Yep. That would be Chumbawamba.

Actually, Chumbawamba have been around since 1986, when the band released their debut record on their own Agit-Pop imprint out of Leeds, UK. They called the record Pictures Of Starving Children Sell Records, and according to Chumbawamba vocalist / guitarist Boff, it was most certainly a shot at Bob Geldof's Live Aid effort.

"About three weeks before we went to record our debut," Boff said, "the Live Aid Record came out. So we scrapped everything -- we had to rewrite the entire thing and try to react against it. Live Aid never took the issue of starving children away from pop culture. We'd have said something about why people were starving -- not just 'hey, send some money.'"

If you think that's brash, consider some of Chumbawamba's other moments in hooligan history. The band has contributed music to a picture book by English photographer Casey Orr called Portraits Of Anarchists, while the cover to their 1991 album, entitled Anarchy, was banned by some British record outlets after its artwork (a photo of a woman givingbirth) was deemed pornographic. Boff claims that any figure of authority is basically a "hate figure" for the band -- "whether that be a politician, the prime minister or a monarchy state... because there's a better way of doing things than by telling other people what to do." And a few months back, Chumba dancer Danbert Nobacon interrupted a set by the Smashing Pumpkins on live German television.

"They had this whole different mind set for performing at this festival," Boff recalls. " "Danbert stripped completely naked and wrote 'PUNK' on his chest.
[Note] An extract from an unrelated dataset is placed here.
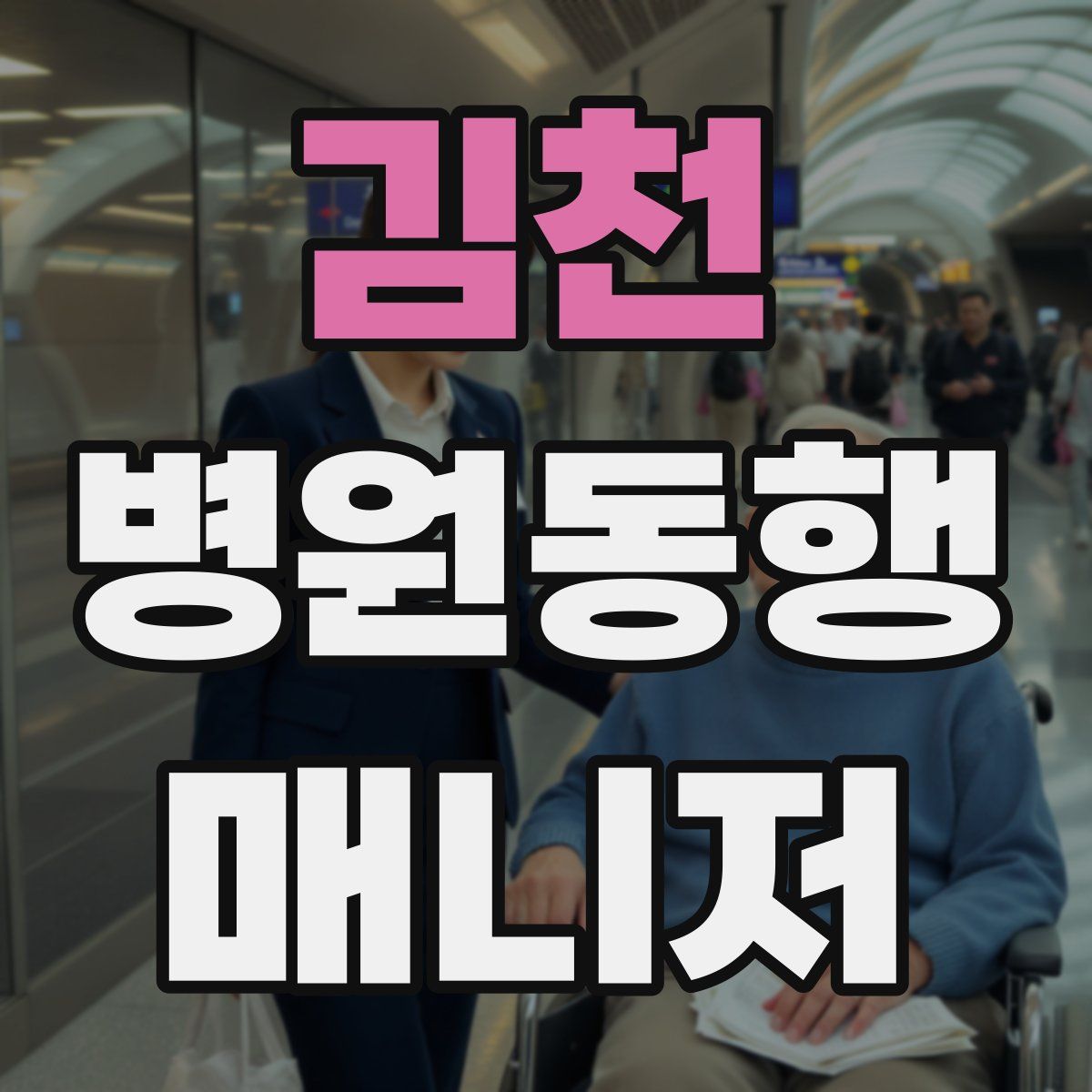 김천 병원동행매니저 자격증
And then, he went right across the stage and just stood at the front while they were playing. The dancers and security went absolutely mad, and we got ejected from the site."

"We really thought about the fact that it was on TV, and people would see this 'punk' thing," says Boff. "We really tried to think about it, rather than just go in the audience and throw a bottle or shout them and say 'rockstars!' When we're going to piss people off, we're going to be clever about it. So people will talk about it."
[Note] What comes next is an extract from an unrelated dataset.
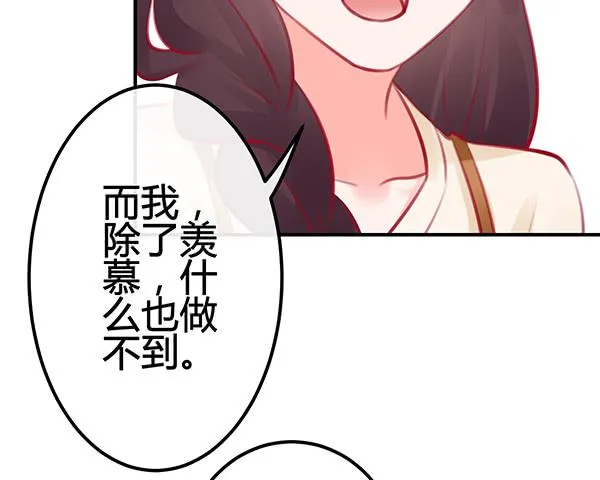 喜欢TA 第73页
People have been talking about "Tubthumping" since it started pumping through modern rock radio airwaves in late August. Since then, the single has broken barriers across the dial, gaining spins at dance, rock and Top 40 stations across the United States. For Chumbawamba, who released their first six records in relative obscurity, the fact that a capitalist major label has spread the Chumba word is quite frightening.

"It definitely worries me. We shied away from (major labels) for a lapse of 12 years. If nothing had happened, and we released 'Tubthumping' on our own and no one heard it, we could have gone away, cynical as always, and say 'oh, it has nothing to do with marketing at all.'"

"Unfortunately now," Boff laments, "we've almost been proven wrong. Capitalism works. Obviously we knew, but we thought we could do it a different way."

The band -- which got its name from endless toying with the primal children's computer game Speak and Spell -- is planning to do it the American way, by launching a stateside tour later this year. In the meantime, "Tubthumping" - a British term for soap boxing - continues to burn up the charts.

Boff and Chumbawamba are taking it all in stride.

"To have this song that fits some sort of context and is on the radio everywhere is bizarre," Boff concedes. "Unfortunately, I have to put it down to the fact that somebody's marketed it well. If we would have made it a year ago on our own label, I don't think anyone would've heard it."